The rally came days after Humphreys made a controversial comment on homosexuals on KFOR’s Flash Point. Some who watched the show said Humphreys' opinion ended up linking homosexuality to pedophilia.
(Flash Point has been on the air for more than 20 years. Every possible subject - every varied opinion - has been discussed over the course of those decades. What has remained consistent is the policy regarding the political affairs program that neither the host, the analysts nor the guests speak for KFOR.)
“Of course, he has a right to his opinion, but he doesn’t have the right to be the regent of my university,” said OU junior Andrea Harrison. “He doesn’t have a right to say such negative things about people he’s supposed to represent.”
Rep. Emily Virgin, D-Norman was a guest on the show Sunday. She said she was thrown off by the comment, as they were initially discussing sexual harassment allegations in Congress.
Virgin was invited as a guest speaker Tuesday at the rally.
“I’ve been especially proud of the students at OU for taking such a strong stance and realizing what an important role a regent at the university has, especially a regent who is set to become the chair of the board at a time when we’re searching for the next president,” she said.
Humphreys has since released this statement:
“I regret that my comments on Flash Point regarding homosexuality were not clear and led some people to believe that I was equating homosexuality with pedophilia.
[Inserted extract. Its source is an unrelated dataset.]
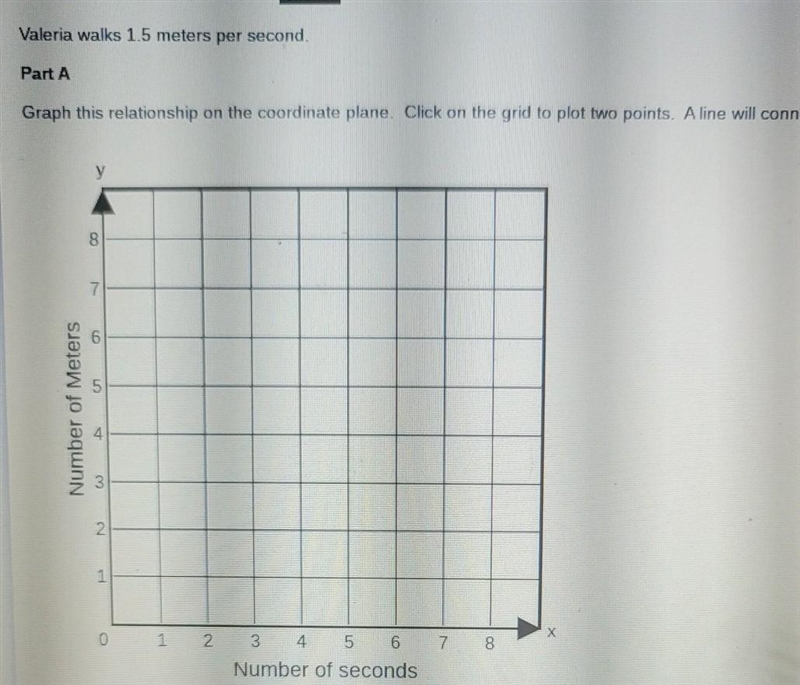 Part A: Valeria walks 1.5 meters per second. Graph the relationship on the coordinate-example-1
That was not my intention or desire. I apologize for my lack of clarity and realize this has resulted in a strong reaction by some and has hurt people’s feelings.
For clarification, my moral stance about homosexuality is that it is against the teachings of scripture. Although I know this upsets some people, it is my belief. In America we have the right to believe as we choose and to freely express that belief.
For those that I have hurt, I’m sorry. For those who do not share my beliefs, I will defend your right to have a deeply held belief even if yours is different than mine.”
However, advocates at the rally, such as Freedom Oklahoma executive director Troy Stevenson, claim the apology was not sincere.
“When we apologize in this country, we take responsibility and own what we did. What he did was say, 'Oh, I’m sorry if I hurt your feelings.' That’s not an apology. That’s a deflection,” Stevenson said.
The rally was held right before an OU board of regents meeting at Robert M. Bird Library in Oklahoma City.